Hätte jemand vor fünf Jahren den Vorstand eines deutschen Discounters gefragt, wie er es mit der "Einkaufsatmosphäre" seiner Läden hält, hätte der sich vor Lachen vermutlich den doppelt aufgebrühten Morgenkaffee aufs Sakko geprustet. Jahrelang haben sich Aldi, Lidl und ihre Herausforderer in eiserner Kostendisziplin geübt und damit laut Gesellschaft für Konsumforschung (GfK) rund 42 Prozent Marktanteil im deutschen Lebensmitteleinzelhandel errungen. Bis es irgendwann nicht mehr weiterging. Weil vielen Kunden die traurigen Palettensammelplätze zuwider waren und die Supermärkte ebenfalls mit günstigen Artikeln lockten – noch dazu in hübscheren Läden.

Radikaler Verstoß gegen das Discountkonzept

Seitdem hat sich viel getan. Die Discounter haben festgestellt, dass sie nicht so bleiben können, wie sie sind. Kein anderes Unternehmen setzt diese Erkenntnis in Deutschland derzeit so konsequent um wie Lidl.

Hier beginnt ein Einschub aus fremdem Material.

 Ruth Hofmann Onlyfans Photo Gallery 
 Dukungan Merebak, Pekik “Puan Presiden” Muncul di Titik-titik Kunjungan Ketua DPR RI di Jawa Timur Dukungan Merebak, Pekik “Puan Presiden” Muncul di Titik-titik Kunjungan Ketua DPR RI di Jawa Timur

"Wir backen mehrmals täglich frisch für Sie", steht auf den metallenen Werbesäulen, die renovierte Filialen an den Parkplatzrand geschraubt bekommen. Sie sollen Kunden an die meterlangen Backtheken locken, wo es Brötchen, Donuts und Miniquiches für Selbstbediener gibt. Die Theken sind eigentlich ein radikaler Verstoß gegen das eherne Discountkonzept der Komplexitätsreduktion. Aber sie bringen Leute in den Laden, die sich freuen, anschließend nicht noch zum Bäcker zu müssen und – wenn sie schon mal da sind – vielleicht gleich ihren kompletten Einkauf erledigen.

Genau das ist das Ziel: Lidl will nicht mehr nur Anlaufstelle für Jäger günstiger Wochenangebote sein, die es freilich weiterhin gibt, lauter beworben denn je. Es sollen auch diejenigen angesprochen werden, die bereit sind, ein bisschen mehr Geld auszugeben. Und vor Weihnachten auch mal eine tiefgefrorene Gänsekeule kaufen. Oder ein Deluxedessert. Oder die Wert auf Bio legen.

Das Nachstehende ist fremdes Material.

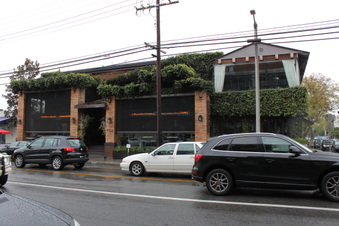 District, 3rd & Robertson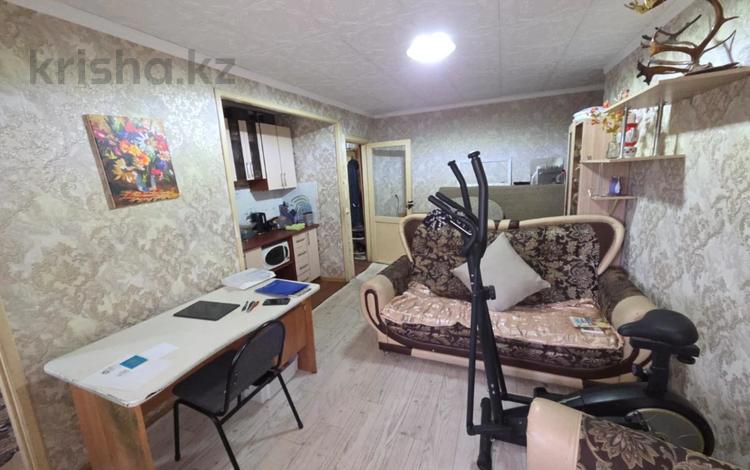 3-бөлмелі пәтер · 55.6 м² · 3/5 қабат, Пришахтинск ш/а., Зелинского, бағасы: 11.9 млн ₸ в Караганде, Алихана Бокейханова р-н — фото 3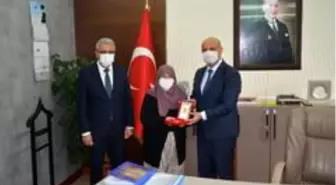 Merhum Kore gazisinin madalyası eşine verildi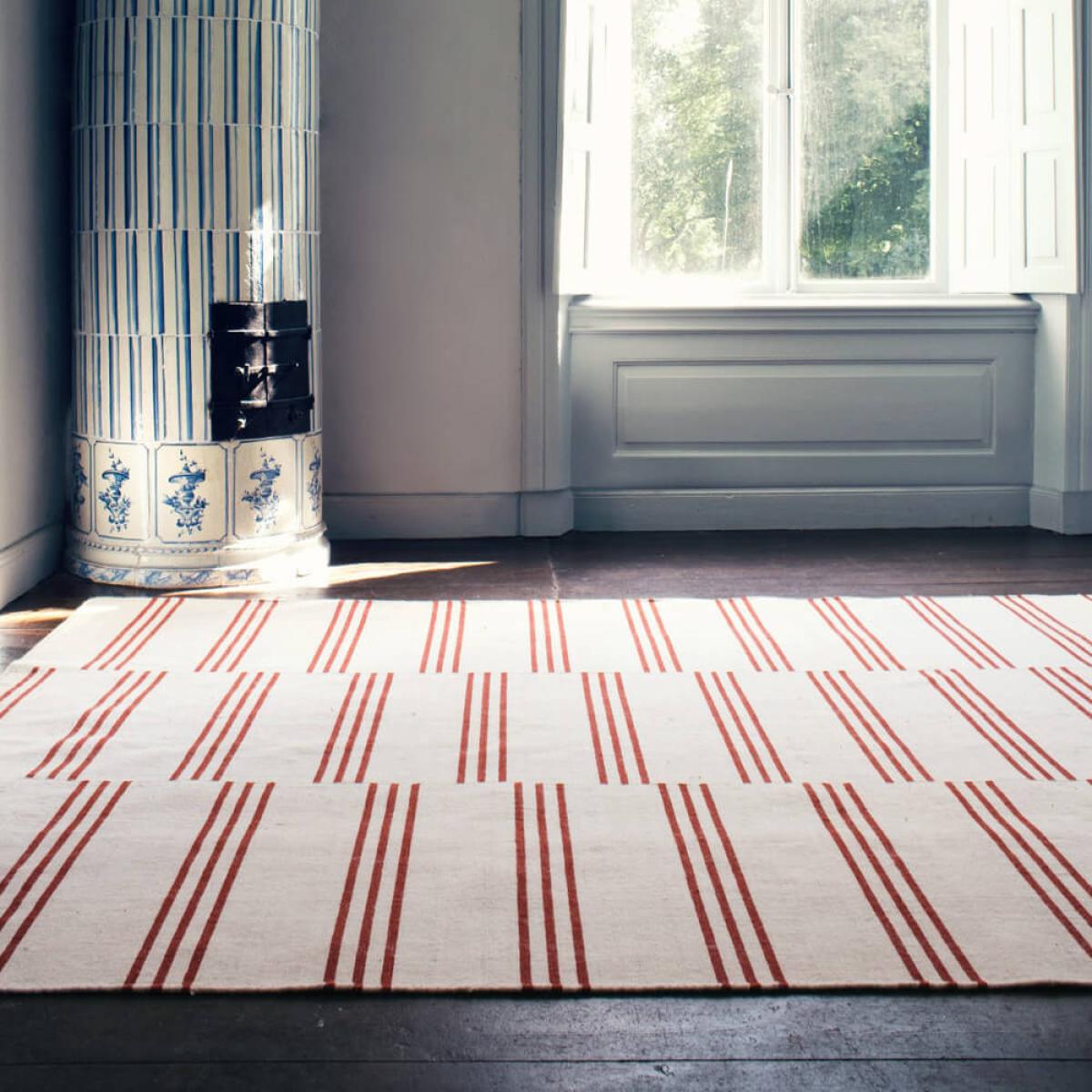 Pink/Red Stripes Rug – image 5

Vor allem konsumbewusste Leute und junge Familien, die eine zunehmende Discountallergie entwickelt haben, sollen zurückgeholt werden. Dafür muss sich auch das Image wandeln: Lidl will moderner sein, frischer, freundlicher. Im Unternehmen duzt man sich seit Kurzem, auch mit Chefs. Gegenüber Kunden wirbt Lidl für gentechnikfreie Milchprodukte, hat das Angebot an frischem Obst, Gemüse, Fisch und Fleisch aufgestockt, will wie Rewe auf den Verkauf von Plastiktüten verzichten und eröffnet Pop-up-Stores in schicken Einkaufsstraßen, um Discountmode zu bewerben. Wie viele Filialen schon modernisiert sind, verrät Lidl "aus strategischen Gründen" nicht.